▶ **Assignment**
No pictures go in the copy. Restate, word for word, each line from the one containing "John Hardy London" through the last line below.

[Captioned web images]
--- --- ---

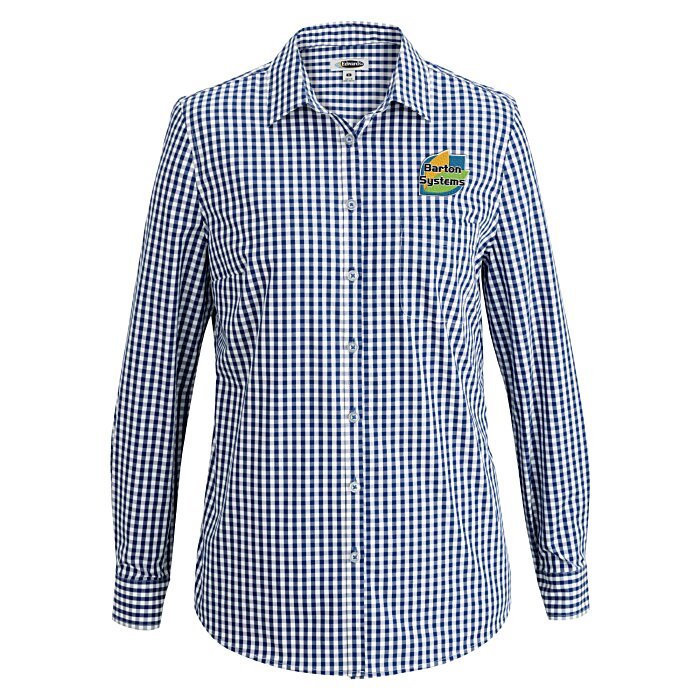 Custom Comfort Stretch Poplin Shirt - Ladies'
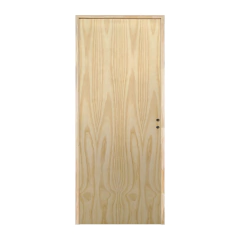 Puerta placa interior Pino enchapada MM10 | Oblak Línea Nativa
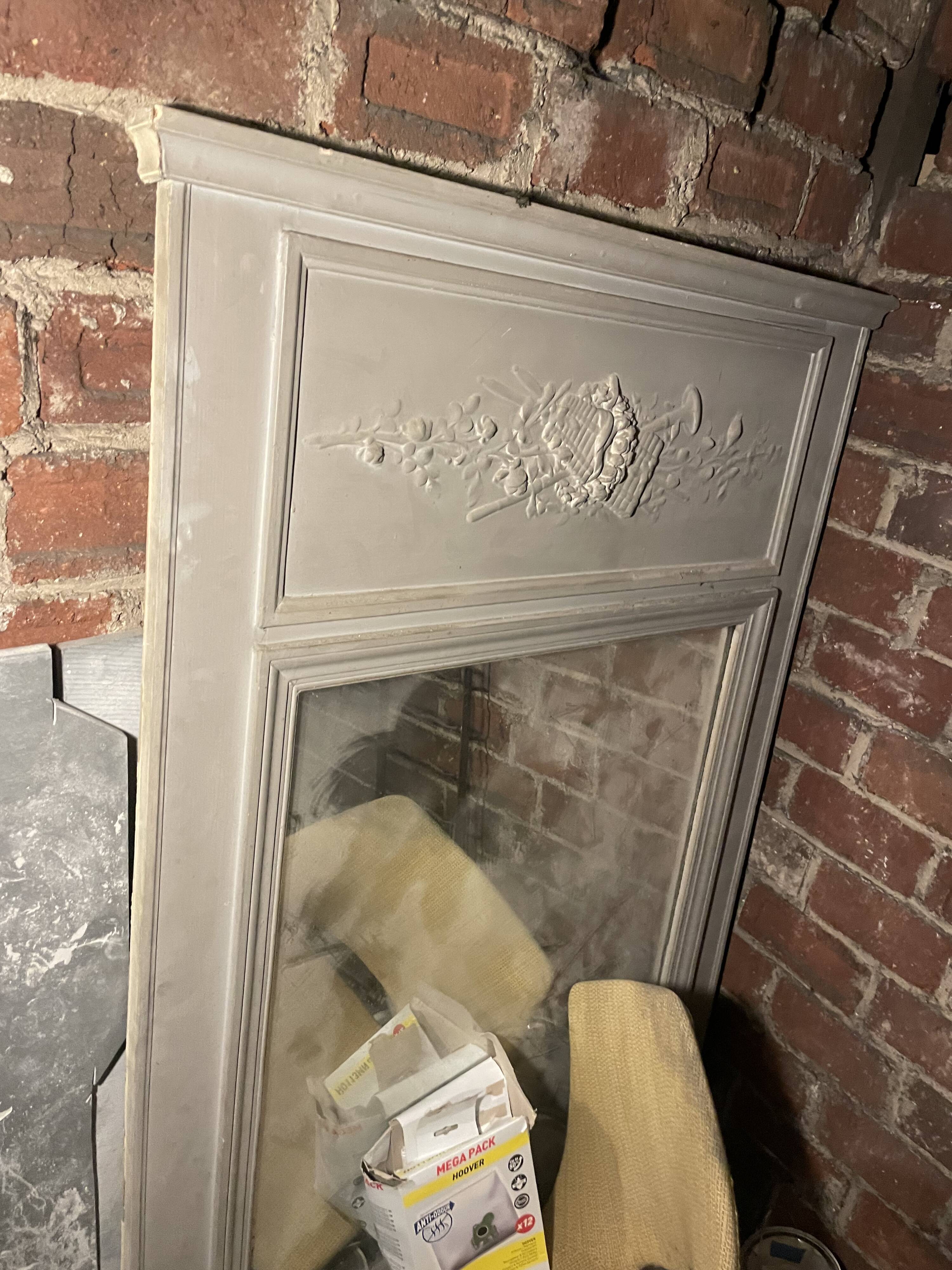 Haussmannian fireplace mirror trumeau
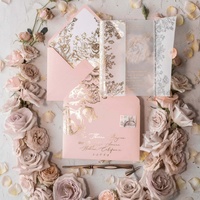 Carte d'invitation de mariage personnalisée OEM ODM avec impression 3D Style 1 pour les acheteurs de papeterie de cérémonie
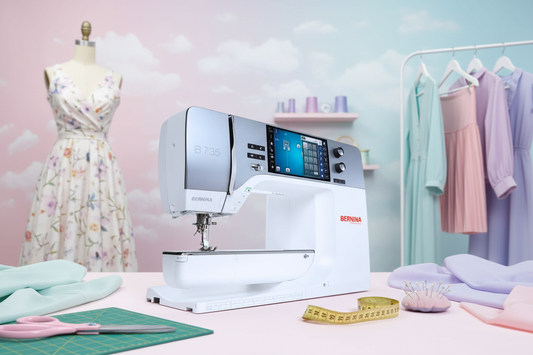 BERNINA B735 PRO Machine à coudre et à quilter (module de broderie en option*)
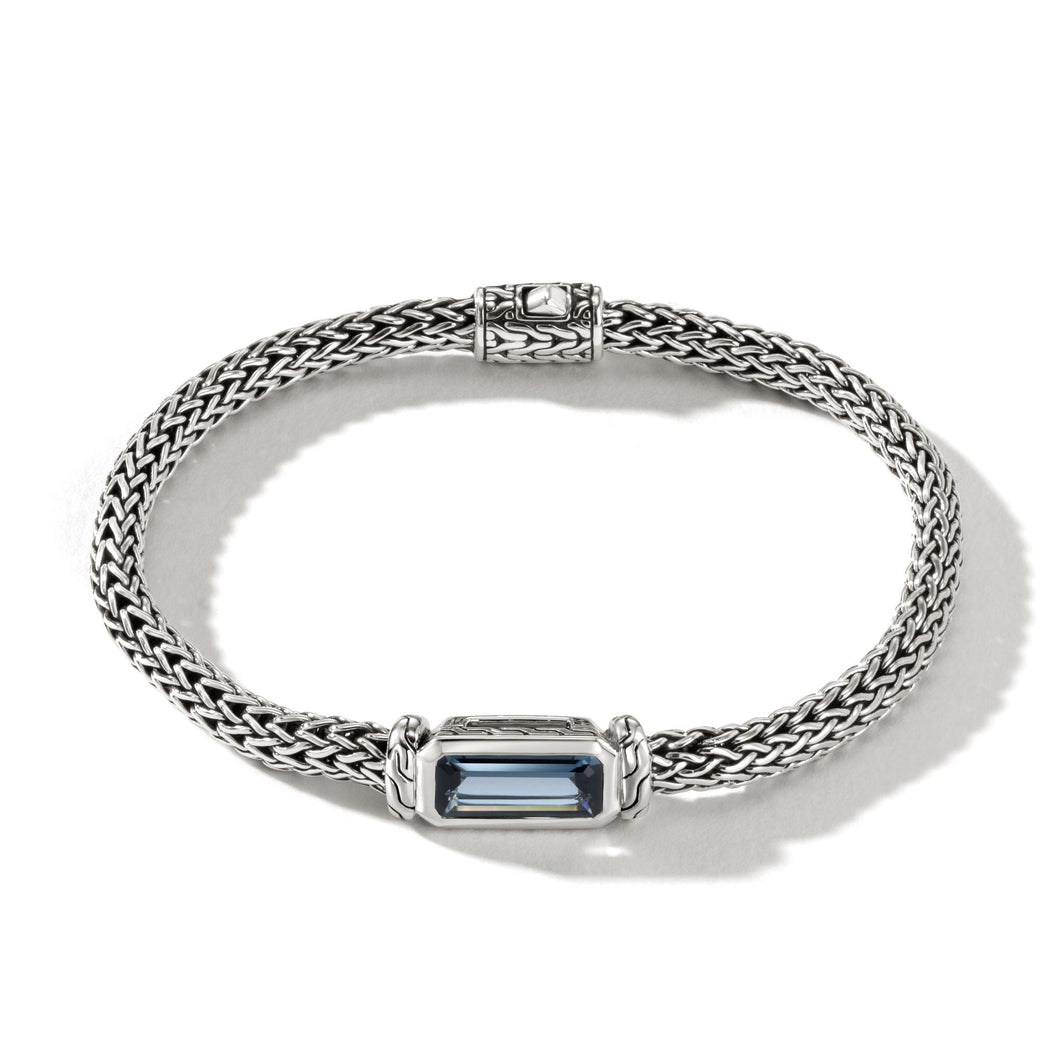 John Hardy London Blue Topaz Bracelet | Classic Chain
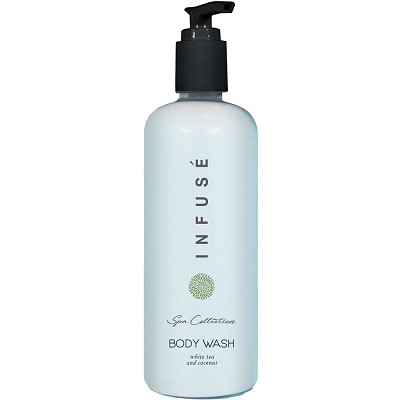 Diversified Hospitality Acquavera Infusé White Tea Coconut Collection Body Wash 13.53 Oz. Bottle For Pump Dispenser 12 Per Case Price Per Case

--- --- ---

▶ **Solved problem**
 John Hardy London Blue Topaz Bracelet | Classic Chain
 Diversified Hospitality Acquavera Infusé White Tea Coconut Collection Body Wash 13.53 Oz. Bottle For Pump Dispenser 12 Per Case Price Per Case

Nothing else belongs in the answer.